Era fuggita per l'ennesima volta e aveva passeggiato senza meta per l'accampamento, salutando con un cenno le sentinelle e lasciando che i piedi decidessero per lei la strada da seguire. Arrivata al limitare delle tende, non era rimasta affatto sorpresa nel notare che qualcun altro soffrisse di insonnia come lei.

"Buonasera" aveva esordito, avvicinandosi alla figura del Reggente dei Ghiacci, seduto su un masso e col viso puntato verso la stellata del cielo. "O forse buongiorno?" aveva aggiunto nel notare, a oriente, il primo e tenue rossore precedente all'alba.

L'uomo si era girato verso di lei e, sorridendole, le aveva fatto spazio al suo fianco. "Salve anche a voi. Noto con piacere che non sono l'unico insonne."

"Non è affatto strano."

"Cosa accade?" le aveva chiesto, raccogliendo la replica come un invito a domandarle altro. "Temete di non riuscire a compiere l'incantesimo?"

Mistiss aveva fatto un cenno di diniego e si era accomodata vicino all'uomo. "No, ho già avuto modo di praticare una simile fattura a Saat. Non è complessa, nonostante richieda una quantità di energia non indifferente."

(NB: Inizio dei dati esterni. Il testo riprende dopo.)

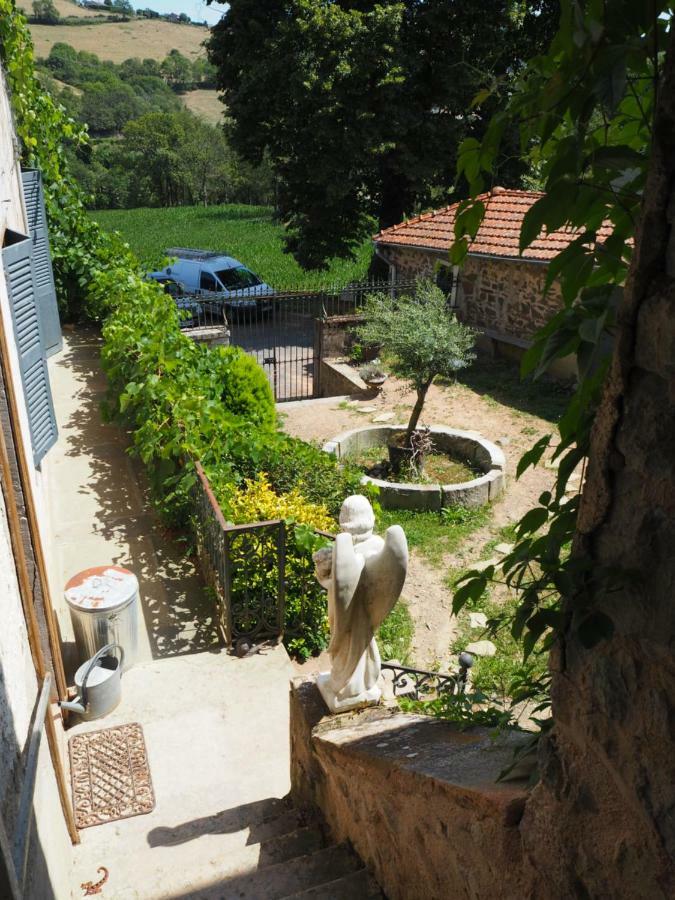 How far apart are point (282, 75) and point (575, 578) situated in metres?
16.2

Lögi non aveva indagato ulteriormente e aveva preferito alzare il viso verso il cielo saturo di stelle. Lei era rimasta per qualche minuto in silenzio, in parte speranzosa che l'uomo scavasse ancor più a fondo sul perché fosse impossibilitata a dormire, ma il ticchettare del tempo aveva fatto affievolire un simile desiderio. Aveva rinunciato a proseguire lungo il sentiero della conversazione, spostando il volto sull'immensità della notte, e si era persa a seguire le forma di alcune costellazioni a lei note.

"Le state contando?"

La voce dell'uomo l'aveva fatta sorridere e scivolare ancor di più verso i meandri di lontani ricordi. "No, ma quand'ero bambina, a Bergstad, tentavo di farlo: mi nascondevo sull'unica torre ancora salda e osservavo l'oriente per ore. Soprattutto d'inverno, quando il cielo gronda di stelle."

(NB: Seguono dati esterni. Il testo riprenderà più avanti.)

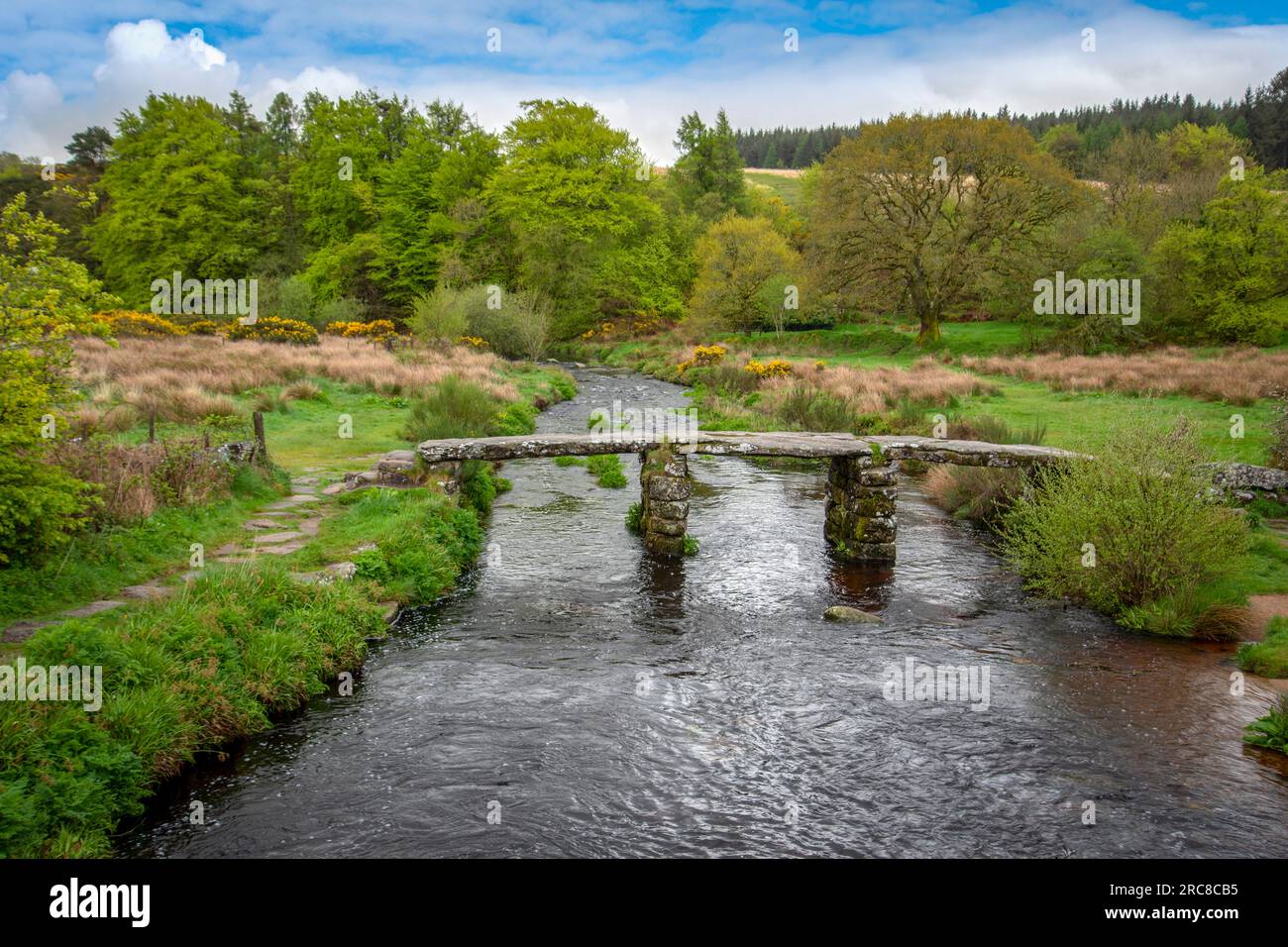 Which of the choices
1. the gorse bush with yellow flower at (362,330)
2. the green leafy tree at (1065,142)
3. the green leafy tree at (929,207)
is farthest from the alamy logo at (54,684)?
the green leafy tree at (1065,142)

Lögi l'aveva squadrata in silenzio, mettendola in soggezione. "Non oso immaginare quanti raffreddori vi sia costato questo piccolo gioco" aveva però detto con una dolcezza inaspettata.

"Tanti" aveva pensato, sentendosi avvolgere dalla nostalgia. "Tantissimi."

Seduta sul masso e per nulla infreddolita, sia per il clima mite che per la presenza dell'uomo al suo fianco, le era parso di essere tornata bambina, quando ancora Bergstad le appariva come il centro del mondo. Era arrivata a dimenticarsi della presenza di Lögi, troppo immersa nel ricordo di quei giorni lontani; quando tutto era diventato troppo doloroso, si era sentita confortata dalla vicinanza del reggente, di cui aveva apprezzato la compagnia fino a quando le prime stelle erano sbiadite sotto il suo sguardo attento. Si erano alzati entrambi in silenzio ed erano tornati all'accampamento per prepararsi alla lunga giornata che li attendeva.

"Fate bene ad avere timori" le aveva detto all'improvviso Lögi, seguendola. "Ma non dovreste farvi condizionare. Siete molto più forte di quanto apparite."